Description of the task - Nothing but the text belongs in the answer: the listing below, copied exactly, without pictures.

Extracted records -

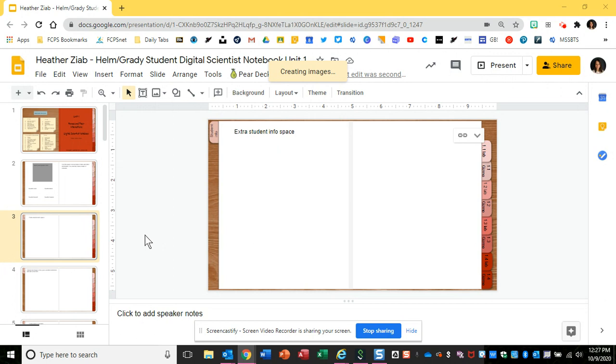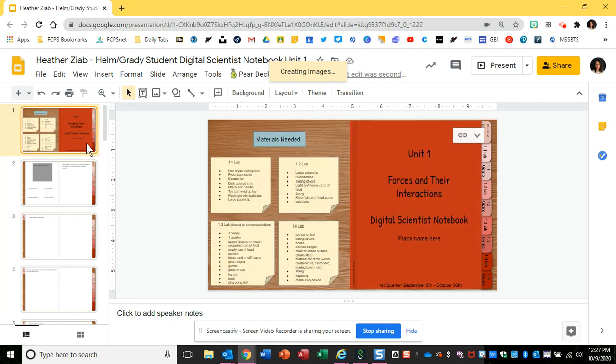This could be really useful if you're writing notes in your notebook that's physical and you want to upload it into a virtual notebook like this scientist notebook or your readers and writers notebook.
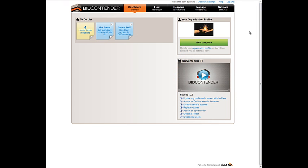Welcome to BidContender. This video is designed to assist you in creating new accounts for your colleagues for your organisation's BidContender profile. You must first be logged into BidContender. If you need assistance with this or have forgotten your password, please refer to the videos that take you through this process.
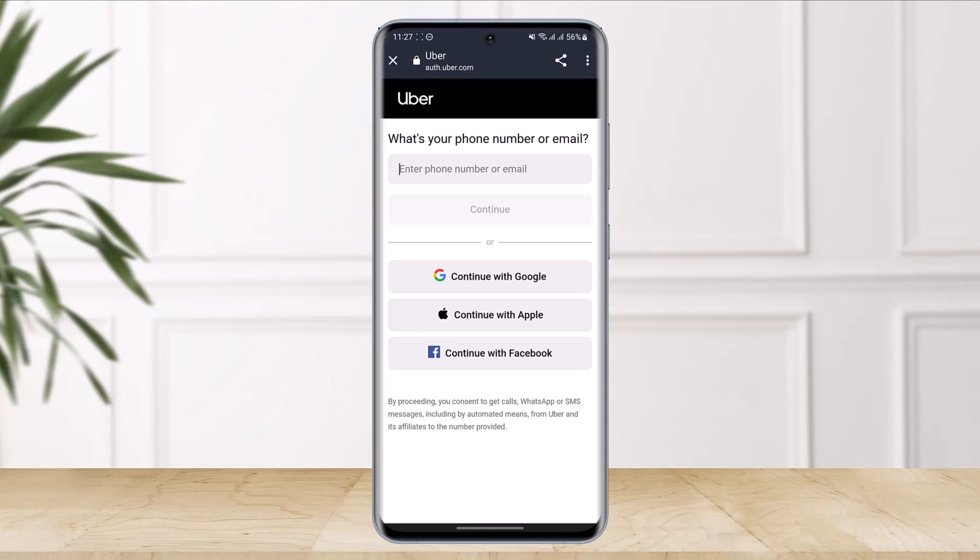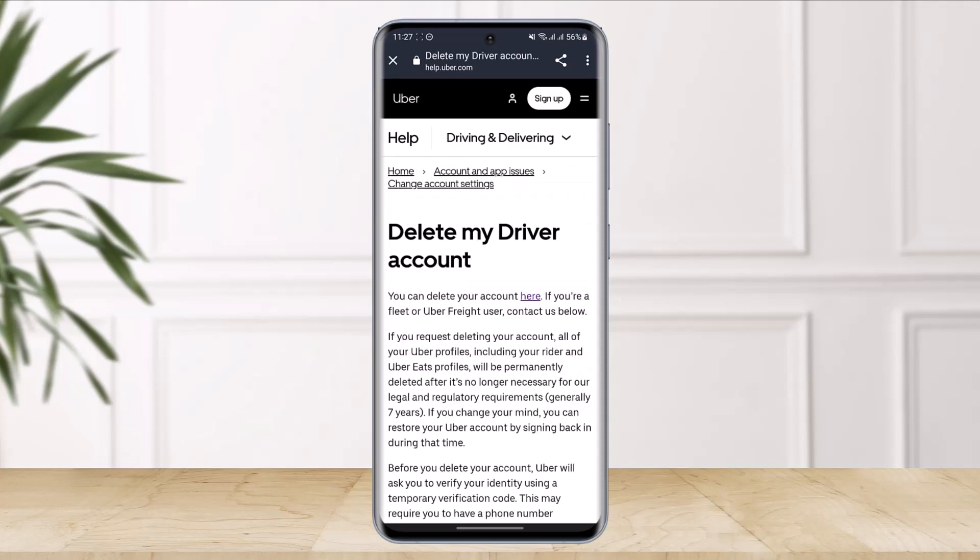This waiting period gives you time to recover your existing account if you change your mind. You have 30 days after setting it for deactivation or deletion, but after that there's no way to retrieve it. Go to this address bar — I'll also drop a link in the description box — and that's all it takes to delete your Uber driver profile.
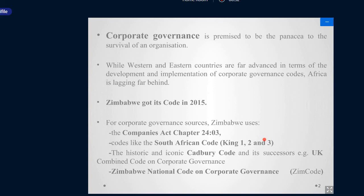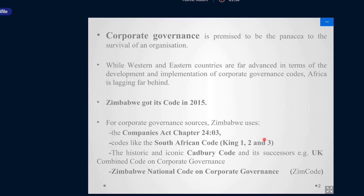The UK is far advanced — what is called the Combined Code on Corporate Governance — which means after 1992, when they started with the Cadbury Code, they had many other episodes of codes, like the Smith Code and the Greenberry Code, and the best things from each code were combined to form what is now called the Combined Code on Corporate Governance. In 2015, we now talk of our own code, whose short form is ZIM Code, but the full form is Zimbabwe National Code on Corporate Governance. Those who are registered can see an attachment of that code, or you can Google it.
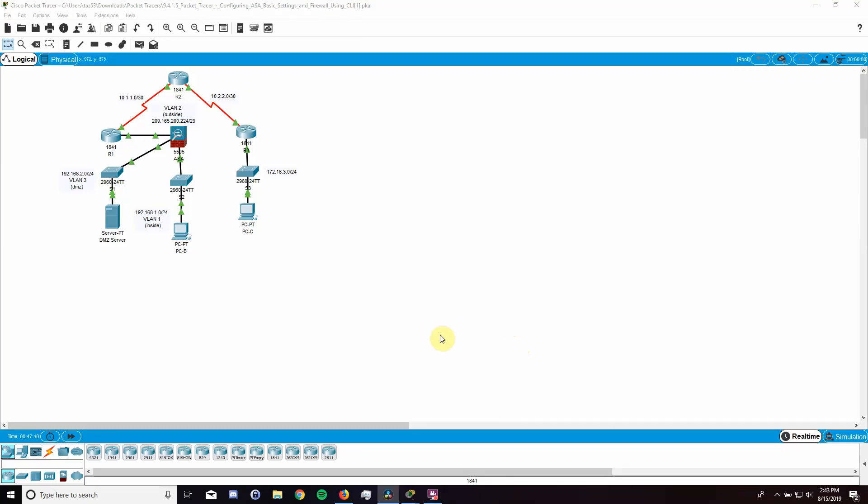Welcome our prospective CyberPatriot competitors. My name is Tristan and I am the Cisco person for our JROTC team and I will be your Cisco trainer for the coming year.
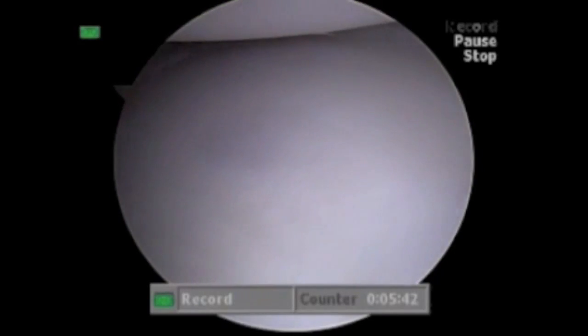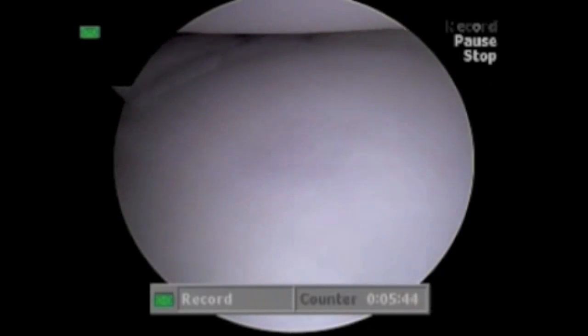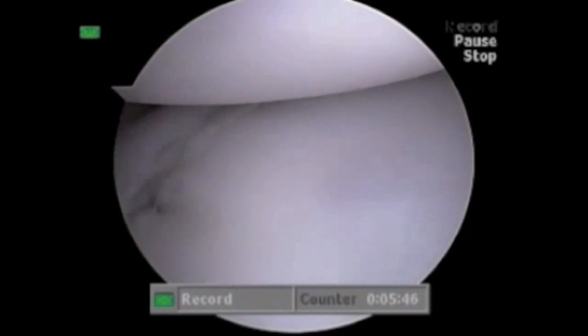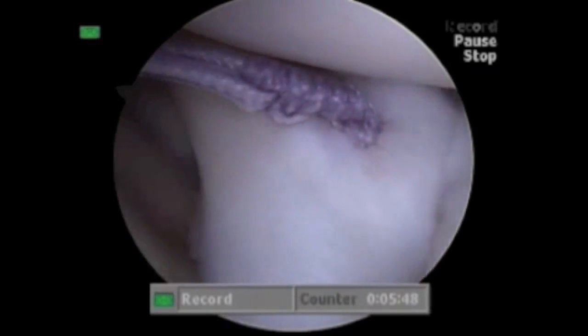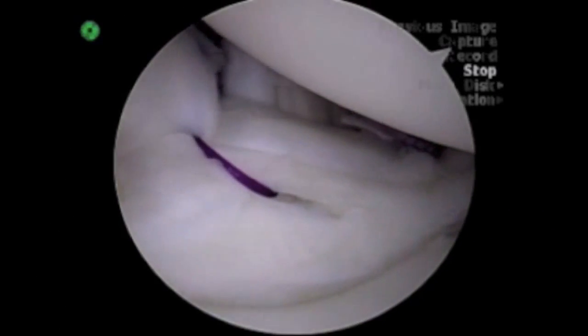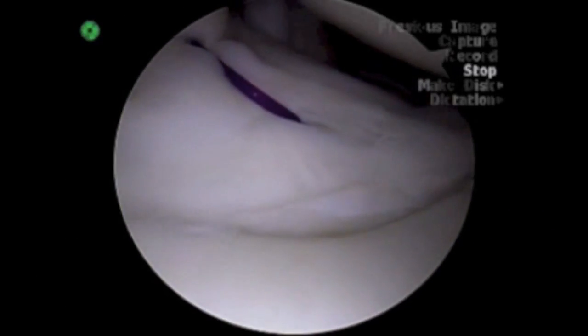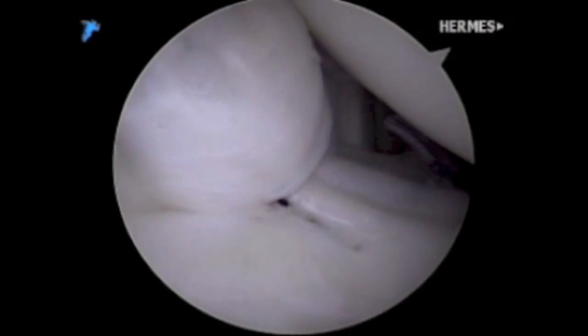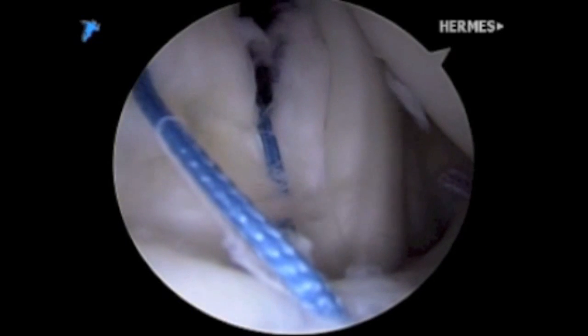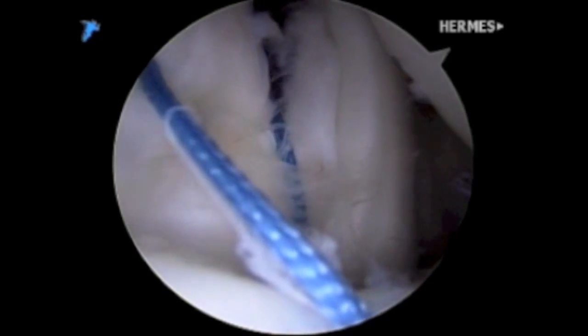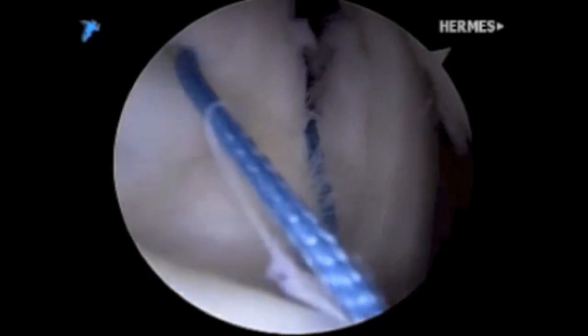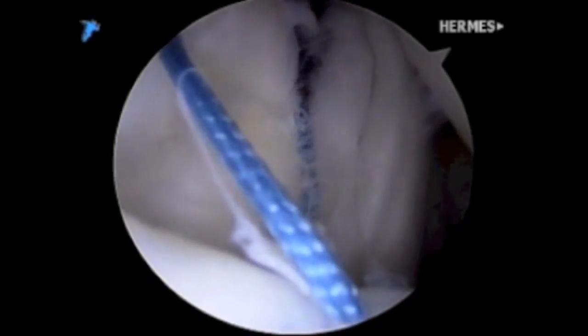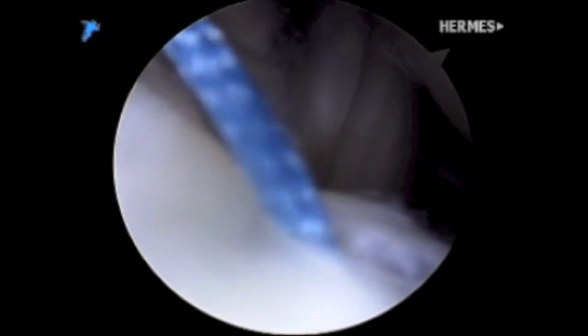Absorbable sutures can be utilized at this juncture with an effort to decrease the drive-through sign by at least 50% to 75%. Interval closure is recommended. The coracohumeral ligament, as part of the leading edge of the supraspinatus, should be captured with the closure. Using the PDS suture, a permanent suture can be shuttled through the rotator interval and the interval shortened, providing additional stability.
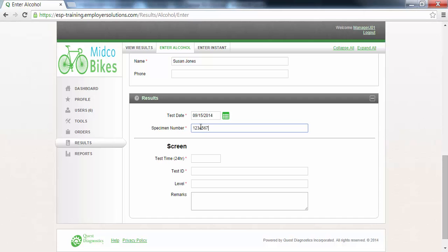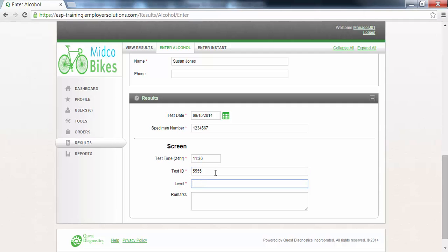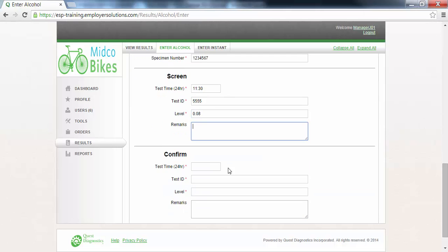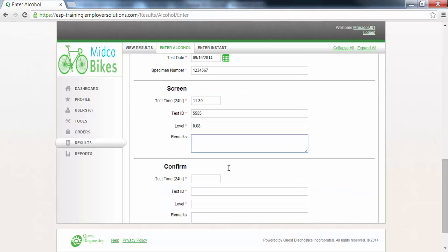In the screen section the test time, test ID, and level detail from the testing device is recorded. Any remarks concerning this test can be entered in the remarks box. If the level of the screen exceeds the threshold established by your organization or exceeds the default threshold of 0.02%, a confirm section will be displayed where the confirmation test results can be recorded. In this example we will enter 0.00 for the screen value.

Answer to this problem -
This could be really useful if you're writing notes in your notebook that's physical and you want to upload it into a virtual notebook like this scientist notebook or your readers and writers notebook.
Welcome to BidContender. This video is designed to assist you in creating new accounts for your colleagues for your organisation's BidContender profile. You must first be logged into BidContender. If you need assistance with this or have forgotten your password, please refer to the videos that take you through this process.
This waiting period gives you time to recover your existing account if you change your mind. You have 30 days after setting it for deactivation or deletion, but after that there's no way to retrieve it. Go to this address bar — I'll also drop a link in the description box — and that's all it takes to delete your Uber driver profile.
The UK is far advanced — what is called the Combined Code on Corporate Governance — which means after 1992, when they started with the Cadbury Code, they had many other episodes of codes, like the Smith Code and the Greenberry Code, and the best things from each code were combined to form what is now called the Combined Code on Corporate Governance. In 2015, we now talk of our own code, whose short form is ZIM Code, but the full form is Zimbabwe National Code on Corporate Governance. Those who are registered can see an attachment of that code, or you can Google it.
Welcome our prospective CyberPatriot competitors. My name is Tristan and I am the Cisco person for our JROTC team and I will be your Cisco trainer for the coming year.
Absorbable sutures can be utilized at this juncture with an effort to decrease the drive-through sign by at least 50% to 75%. Interval closure is recommended. The coracohumeral ligament, as part of the leading edge of the supraspinatus, should be captured with the closure. Using the PDS suture, a permanent suture can be shuttled through the rotator interval and the interval shortened, providing additional stability.
In the screen section the test time, test ID, and level detail from the testing device is recorded. Any remarks concerning this test can be entered in the remarks box. If the level of the screen exceeds the threshold established by your organization or exceeds the default threshold of 0.02%, a confirm section will be displayed where the confirmation test results can be recorded. In this example we will enter 0.00 for the screen value.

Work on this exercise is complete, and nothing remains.